Where I think we disagree is on the nature of faith itself. I think that faith is, in principle, in conflict with reason (and, therefore, that religion is necessarily in conflict with science), while you do not. Perhaps I should acknowledge at the outset that people use the term "faith" in a variety of ways. My use of the word is meant to capture belief in specific religious propositions without sufficient evidence-prayer can heal the sick, there is a supreme Being listening to our thoughts, we will be reunited with our loved ones after death, etc. I am not criticizing faith as a positive attitude in the face of uncertainty, of the sort indicated by phrases like, "have faith in yourself." There's nothing wrong with that type of "faith."
Given my view of faith, I think that religious "moderation" is basically an elaborate exercise in self-deception, while you seem to think it is a legitimate and intellectually defensible alternative to fundamentalism.
Assuming I've got that about right, I propose that in my next post, I launch into a brief diatribe about religious moderation, and then you can respond any way you see fit. If I have misconstrued any of your views above, please sort things out for me.
All the best,
|From: Andrew Sullivan To: Sam Harris||1/17/07, 11:36 AM|
First off, same back at you. I found your book, "The End of Faith" to be an intellectual tonic, even when I strongly disagreed with it. It said things that needed to be said - not least because many people were already thinking them - and it said them without cant or bullshit. I was and am grateful for that. And I wrote the religious passages of my own book, "The Conservative Soul," with some of your arguments in mind.
We agree that Islamic fundamentalism is by far the gravest threat in this respect (because of its confort with violence); and that the core feature of what occurred on 9/11 was not cultural, political, or economic - but religious. We agree that a large part of the murder and mayhem in today's Iraq is also rooted in religious difference, specifically the ancient rift between Sunni and Shia. We also agree, I think, that the degeneration of American Christianity into the crudest forms of Biblical inerrantism, emotional hysteria and cultural paranoia is a lamentable development. But we differ, I think, on why we find these developments discouraging.
The reason I find fundamentalism so troubling - whether it is Christian, Jewish or Muslim - is not just its willingness to use violence (in the Islamist manifestation).
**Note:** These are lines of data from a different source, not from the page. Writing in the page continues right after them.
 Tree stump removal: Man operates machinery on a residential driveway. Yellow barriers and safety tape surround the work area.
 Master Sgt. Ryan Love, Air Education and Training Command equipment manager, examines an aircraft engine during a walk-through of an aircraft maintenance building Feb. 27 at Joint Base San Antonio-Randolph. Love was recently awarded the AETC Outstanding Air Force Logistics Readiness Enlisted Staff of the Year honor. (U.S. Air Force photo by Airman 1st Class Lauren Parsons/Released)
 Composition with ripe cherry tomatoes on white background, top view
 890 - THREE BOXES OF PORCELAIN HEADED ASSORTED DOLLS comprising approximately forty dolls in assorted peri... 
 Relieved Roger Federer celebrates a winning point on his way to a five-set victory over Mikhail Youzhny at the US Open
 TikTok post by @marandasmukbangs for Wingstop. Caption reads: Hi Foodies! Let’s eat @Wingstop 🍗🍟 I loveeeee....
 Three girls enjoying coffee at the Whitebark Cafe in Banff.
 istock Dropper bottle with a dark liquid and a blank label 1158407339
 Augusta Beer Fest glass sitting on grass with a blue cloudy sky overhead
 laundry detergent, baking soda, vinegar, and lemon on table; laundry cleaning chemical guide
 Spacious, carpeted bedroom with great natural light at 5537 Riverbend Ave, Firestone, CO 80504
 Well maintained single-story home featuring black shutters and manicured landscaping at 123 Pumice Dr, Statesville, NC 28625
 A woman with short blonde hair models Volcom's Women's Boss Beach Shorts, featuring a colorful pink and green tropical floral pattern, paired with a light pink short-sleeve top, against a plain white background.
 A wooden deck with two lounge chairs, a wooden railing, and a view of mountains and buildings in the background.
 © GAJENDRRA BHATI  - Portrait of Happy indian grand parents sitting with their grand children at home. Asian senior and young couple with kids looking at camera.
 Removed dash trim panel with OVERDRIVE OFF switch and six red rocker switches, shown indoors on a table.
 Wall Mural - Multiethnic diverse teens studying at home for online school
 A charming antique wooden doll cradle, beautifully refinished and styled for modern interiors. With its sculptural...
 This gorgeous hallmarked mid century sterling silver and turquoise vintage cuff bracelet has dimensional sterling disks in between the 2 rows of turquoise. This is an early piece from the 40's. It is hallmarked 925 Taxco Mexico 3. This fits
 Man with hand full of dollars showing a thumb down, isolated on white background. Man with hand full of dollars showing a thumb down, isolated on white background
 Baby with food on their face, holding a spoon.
It is its inability to integrate doubt into faith, its resistance to human reason, its tendency to pride and exclusion, and its inability to accept mystery as the core reality of any religious life. You find it troubling, I think, purely because it upholds truths that cannot be proved empirically or even, in some respects, logically. In that sense, of course, I think you have no reason to dislike or oppose it any more than you would oppose my kind of faith. Your argument allows for no solid distinctions within faiths; my argument depends on such distinctions.
I'm struck, in other words, by the difference between Christianity as it can be and Christianity as it is expressed by fundamentalists. You are struck by the similarity between my doubt-filled, sacramental, faith-in-forgiveness and fundamentalism. We Christians are all as nutty as one another, I think you'd say. And my prettifying up religion as something not-so-crazy or unreasonable therefore may be more irritating to you than even the profundities of Rick Warren or Monsignor Escriva. At least, that's where I predict you will aim your next rhetorical fire. I'm braced.
Here's the nub, I think. You write:
I think that faith is, in principle, in conflict with reason (and, therefore, that religion is necessarily in conflict with science), while you do not.